07/06/2020 - Calculators, Smart Home Buying & Ownership

Much House Can I Afford?

Buying a home is a defining life moment. It’s also one of the largest investments you can make. Whether it’s your first home, next home or second home there’s quite a bit to consider. Sure, it’s fun to surf the internet and gather inspiration on Pinterest, but you’ll need to snap back into reality and make sure you make the right decision. How much house you can afford depends on a lot more than what your bank will loan you. So, let’s get started by determining those factors and setting a mortgage budget. You can also check out our mortgage calculator below, which will help you determine how much your home will actually cost you.

Setting a Mortgage Budget

How much should you spend on a house? Start by setting a budget. When setting a mortgage budget, there’s two factors you’ll need to consider: How much house you can afford in actuality and how much your lender thinks you can afford. The personal criteria are just as important, if not more, than the latter. Just because you’re pre-qualified for a million-dollar beachfront condo doesn’t mean you should take out that loan. Let’s take a deeper dive into the personal criteria you should look at before signing off on a mortgage.

How Much Should You Spend on a House Based on Personal Criteria?

  • Income: Your income is the cornerstone of your mortgage budget. Are you living on one income or two? Are you living comfortably with a set budget and have a decent savings built up? You will definitely need a healthy savings, both primary and emergency, before purchasing a home. If you’re living paycheck to paycheck, it may not be the time to close on a mortgage loan. You also want to think about your employment situation. How secure is your job? If you’re comfortable with your income and where you see it going in the future, that’s a great sign and the first hurdle to mortgage pre-qualification.
  • Expenses: This is also the time to take a look at your expenses in relationship to your income. This includes all debt and everyday expenses—those that are critical like utilities and food as well as other expenses like monthly subscriptions. Make sure you also include any future expenses you anticipate like a new car, vacations and even children.
  • Lifestyle: Purchasing a home is definitely a change of lifestyle. When you’re getting ready to buy a home, you’ll need to save money for a down payment, other costs and fees. So, if you’re set on purchasing a home, it’s time to cut back on non-critical expenses and make adjustments to your spending habits.
  • Home Ownership Costs: This is also the time to think beyond your future mortgage payment. Home ownership comes with a number of additional costs and usually the larger the home, the bigger the cost. Think maintenance—inside and outside, landscaping, utilities and homeowners association fees. Are you purchasing a fixer-upper that needs work right away? Furniture and décor are also something to take into consideration.
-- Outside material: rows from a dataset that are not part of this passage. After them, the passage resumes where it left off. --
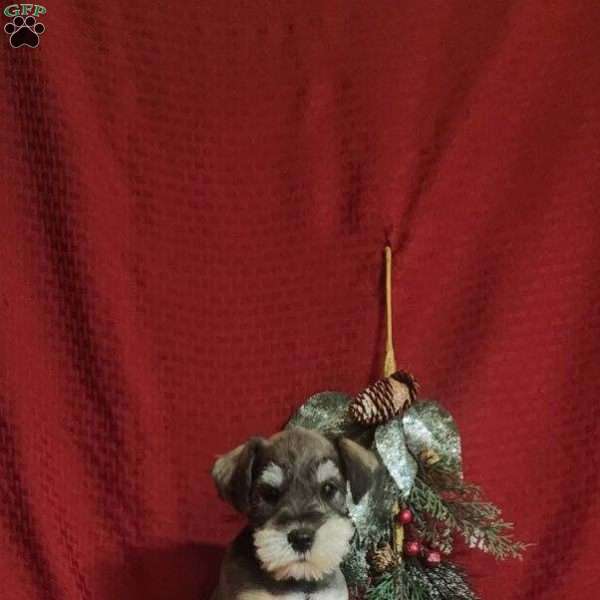 Mason, Miniature Schnauzer Puppy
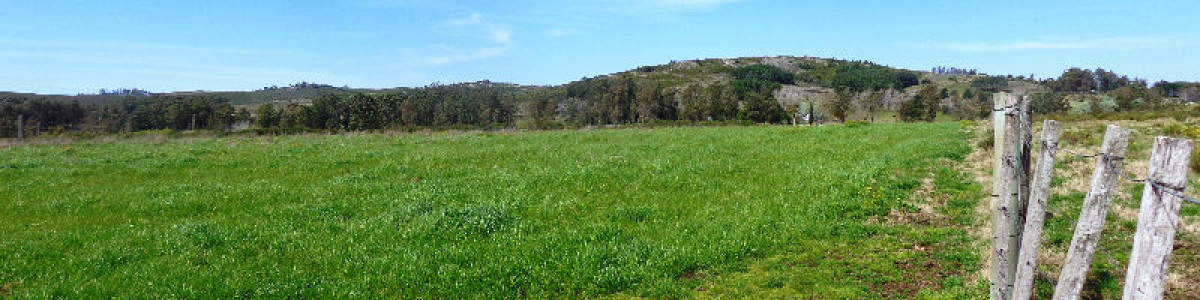 Campo en Venta en zona de Ruta 12 44 hás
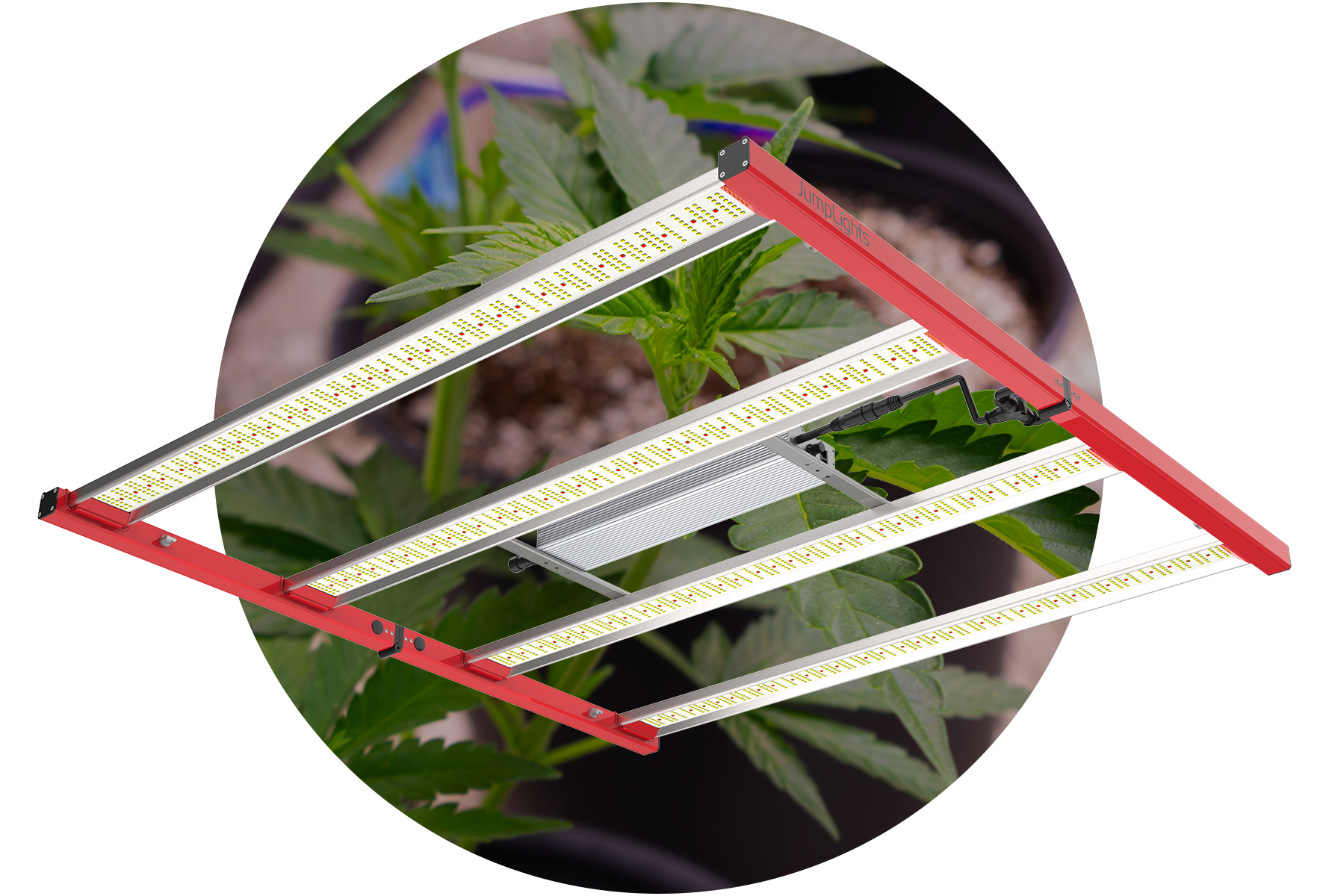 Catalyst Plant Cutout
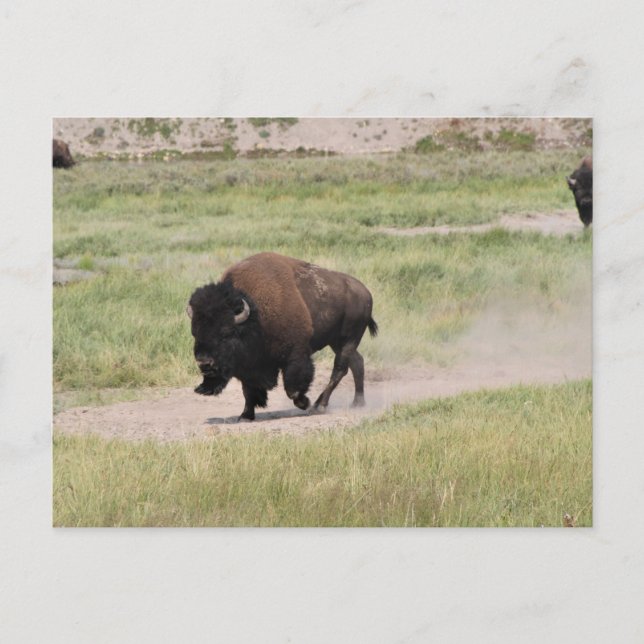 Buffalo on the move, Photography Postcard (Front)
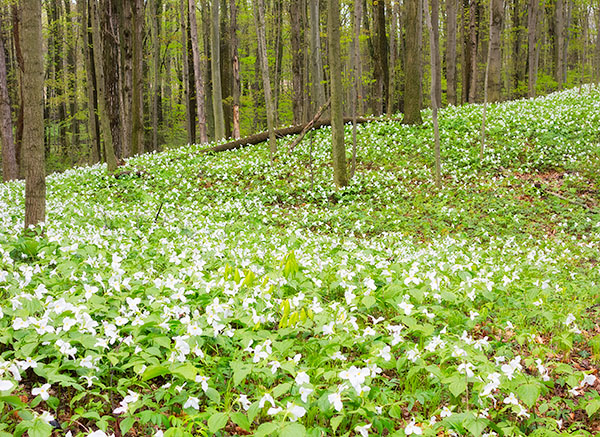 TRILLIUM WOODS 2017 - NORFOLK COUNTY - SPRING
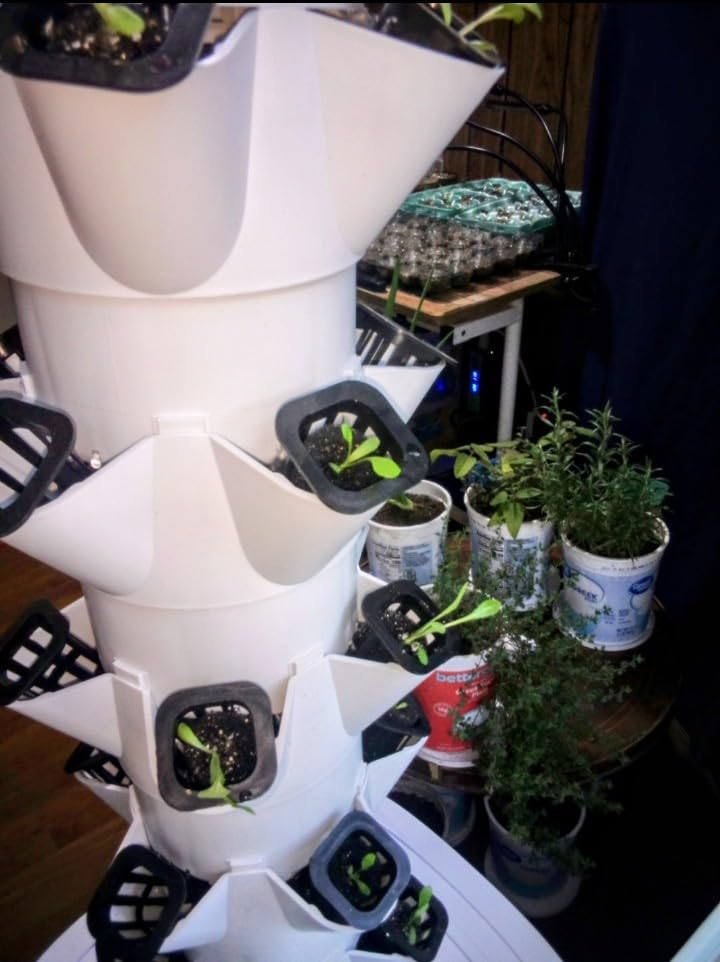 VEVOR Hydroponic Growing System, 30 Pods Vertical 6 Tiers Hydroponic Tower, Home Hydronic Garden with Water Pump & Timer, Water Circulation Plants Germination Kit for Indoor Herbs Fruits & Vegetables customer photo 1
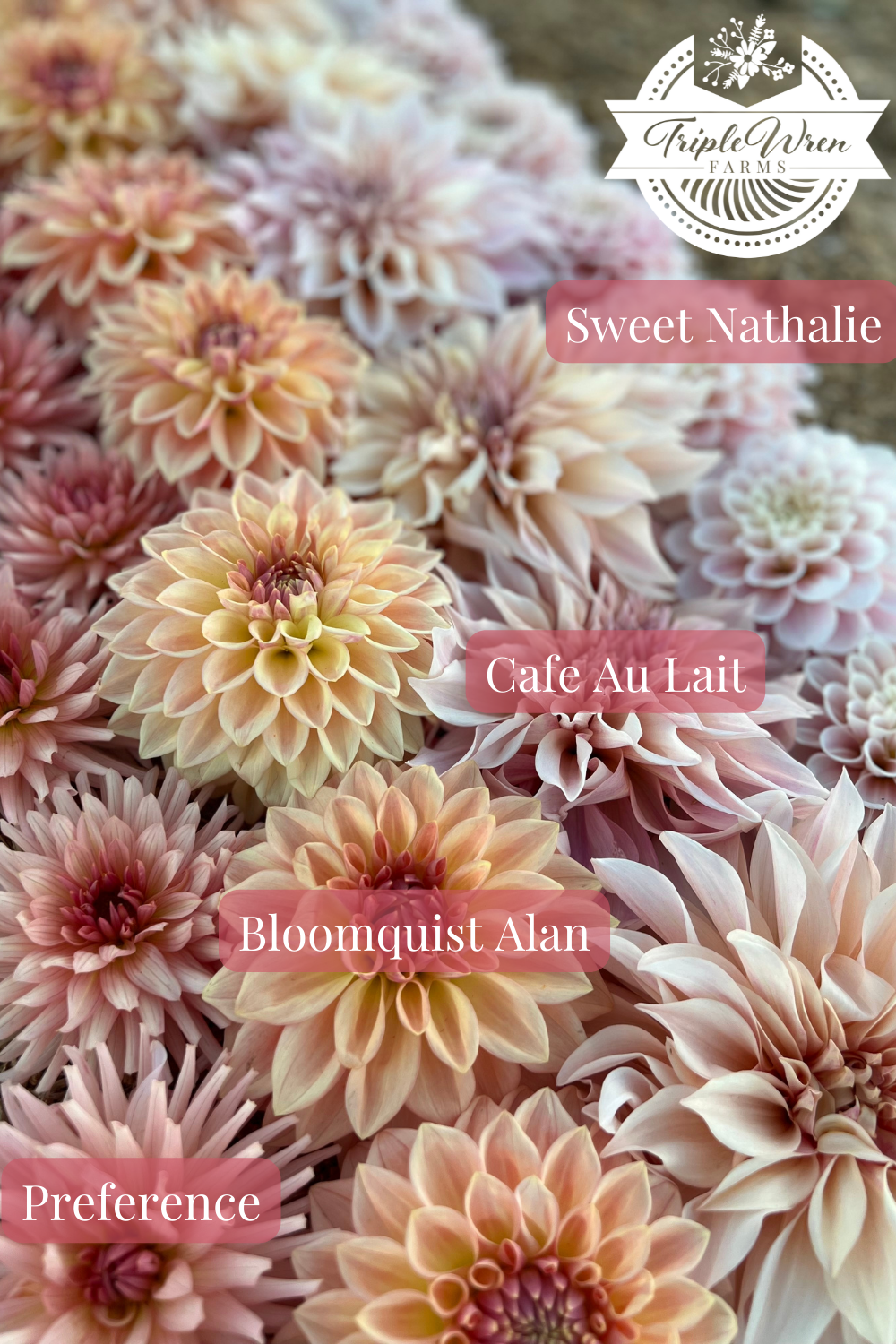 A close-up arrangement of dahlia flowers in soft peach, blush pink, cream, and mauve tones, with overlaid labels reading Sweet Nathalie, Cafe Au Lait, Bloomquist Alan, and Preference. A Triple Wren Farms logo appears at the top right.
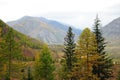 A look through tall pine trees to a picturesque autumn valley surrounded by high mountains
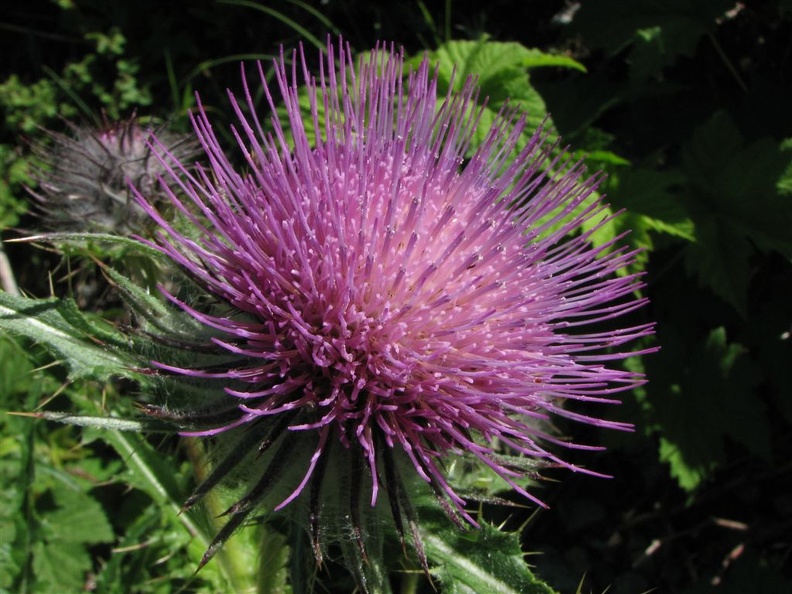 Unidentified thistle in bloom growing along the trail next to the Carbon River Glacier.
How a Lender will Decide How Much House You Can Afford

While you’re working on your personal criteria for affording a home, your lender will take a different perspective. Lenders will break down your eligibility into a formula based on four key areas:

  1. Income
  2. Debt
  3. Assets
  4. Liabilities

They will also look at your debt-to-income ratio. This ratio compares your total monthly debts to your monthly pre-tax income. For mortgage pre-qualification, the lower the ratio the better.

Lenders generally use the 28/36 rule, however there could be some flexibility based on product type. This rule measures your ability to afford a mortgage based on gross monthly income, monthly house-related payments and other monthly debt payments.

  • The 28 represents your front-end ratio. That means 28% of your gross monthly income should be used on housing expenses like monthly principal, interest, property taxes and insurance payments. If you have a condo or home ownership association fee, that will also be included in the 28%.
  • The 36 represents your back-end ratio. This is calculated by dividing all recurring monthly payments and debt by your gross monthly income. The back-end ratio includes everything in the front-end ratio and your other debt like credit cards, auto loans, student loans and any other personal loans. If you qualify for a mortgage pre-qualification under the 28/36 rule, you shouldn’t have trouble repaying your loan. However, if you stretch this rule too much, it may be hard to repay your loan and you may want to take a more conservative approach to home ownership.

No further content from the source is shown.